Some interesting findings — and troubling ones, too — in this report:

A name like Maria or Jose isn’t a solid clue anymore that the person who answers to it will worship in a Catholic church on Sundays.

An Associated Press-Univision poll finds that younger Latinos, as well as those who speak more English than Spanish, are much less likely to identify as Catholics than older Hispanics who mostly speak Spanish.

The poll of 1,500 Latino adults also found significant divisions on social issues such as same-sex unions and abortion, along lines of age, language and whether one is Catholic or Protestant.

It’s been more than a year since Melissa Solis went to Mass. An executive assistant at a New York financial firm, she was raised by a pious Catholic mother but calls herself “nonpracticing.”
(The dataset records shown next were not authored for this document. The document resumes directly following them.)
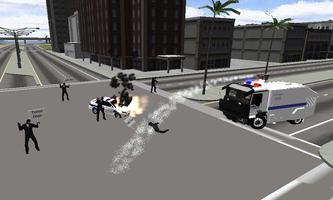 Swat screenshot 1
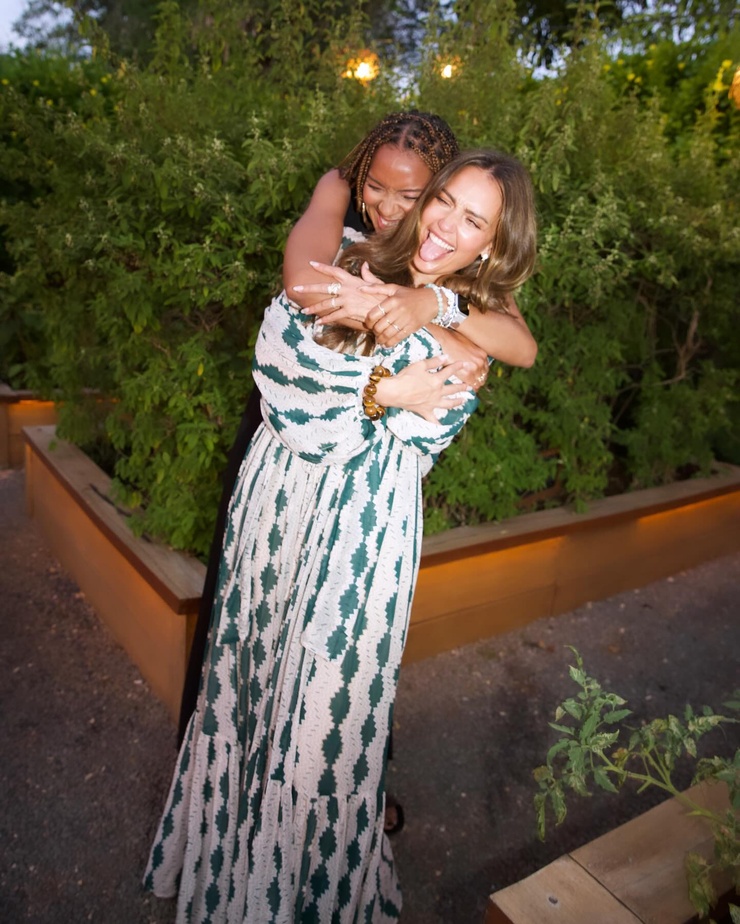 Jessica Alba Jessica Alba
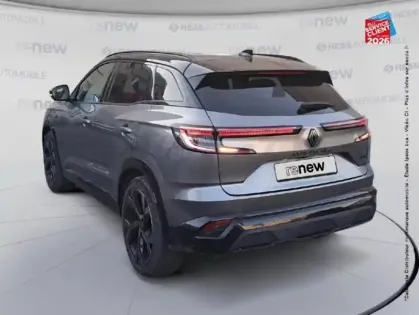 Photo 7 Renault Austral  1.2 E-Tech full hybrid 200ch Iconic esprit Alpine- 24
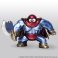 Dragon Quest Metallic Monsters Gallery Heavy Hood (Completed) 商品画像1 Thumbnail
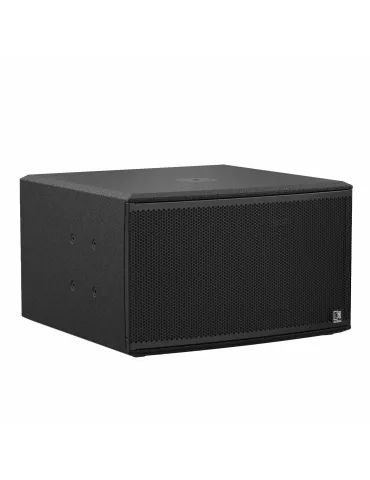 AUDAC BASSO112-B | MusicGoodDeal 2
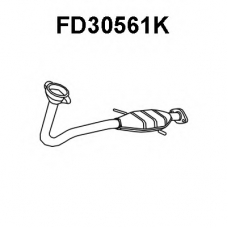 FD30561K VENEPORTE Катализатор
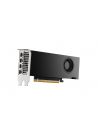 pny technologies PNY NVIDIA 2000 Ada 16GB LowProfile, PCIe 40 x16, Dual Slot, 4x Mini DP 14a, 16 GB GDDR6 ECC 128-bit, HDCP 22, HDMI 20, small box - nr 16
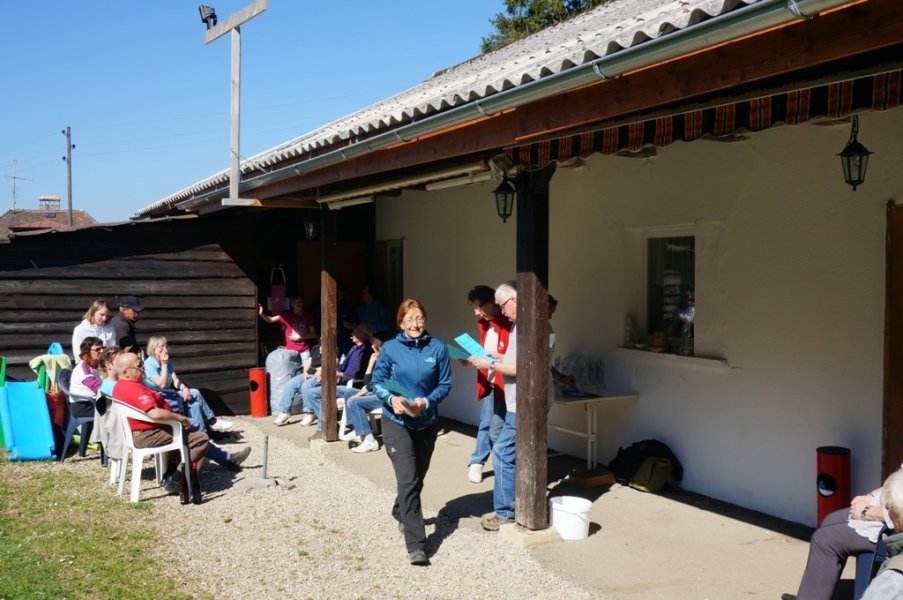 AF à la S.E.C. 2014 – photo 3
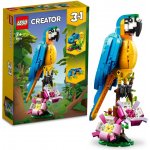 LEGO® Creator 31128 Delfín a želva – Sleviste.cz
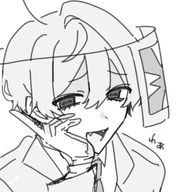 　ふかひれ　。さんのアイコン画像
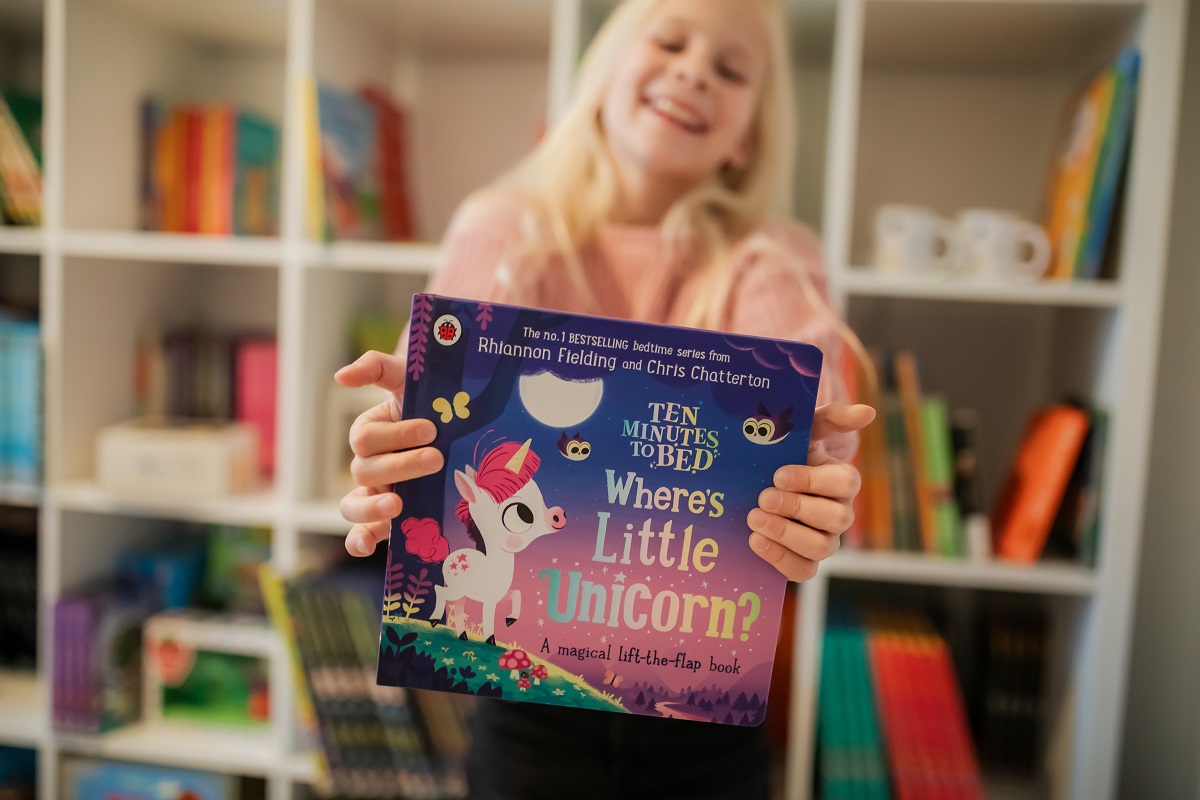 Anglické knížky: Cesta k radosti z angličtiny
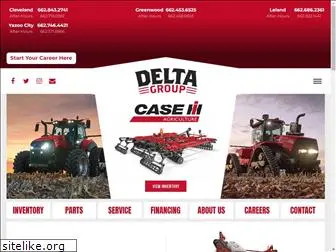 delta-grp.com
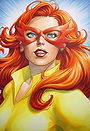 Firestar (Angelica Jones)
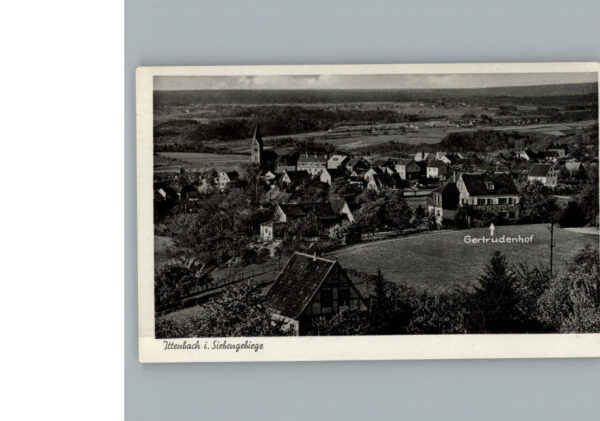 Ittenbach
“There is peace in the house of God for me, but there is also inner peace,” said Solis, 35. “I do believe there is a God, and that has helped me through tough times. But you can practice your religion in your home, and it doesn’t necessarily have to be in a building labeled the ‘house of God.'”

Overall, 62 percent of Hispanics identify as Catholic, but that includes only 55 percent of young adults 18 to 29, compared with 80 percent of elders 65 and over.

Catholicism is the primary religion in the ancestral countries of U.S. Latinos. Spanish missionaries brought the faith to what is now Florida and the American Southwest more than 400 years ago. But in the United States these days, religious sentiment seems to be keener among Latino Protestants than their Catholic counterparts.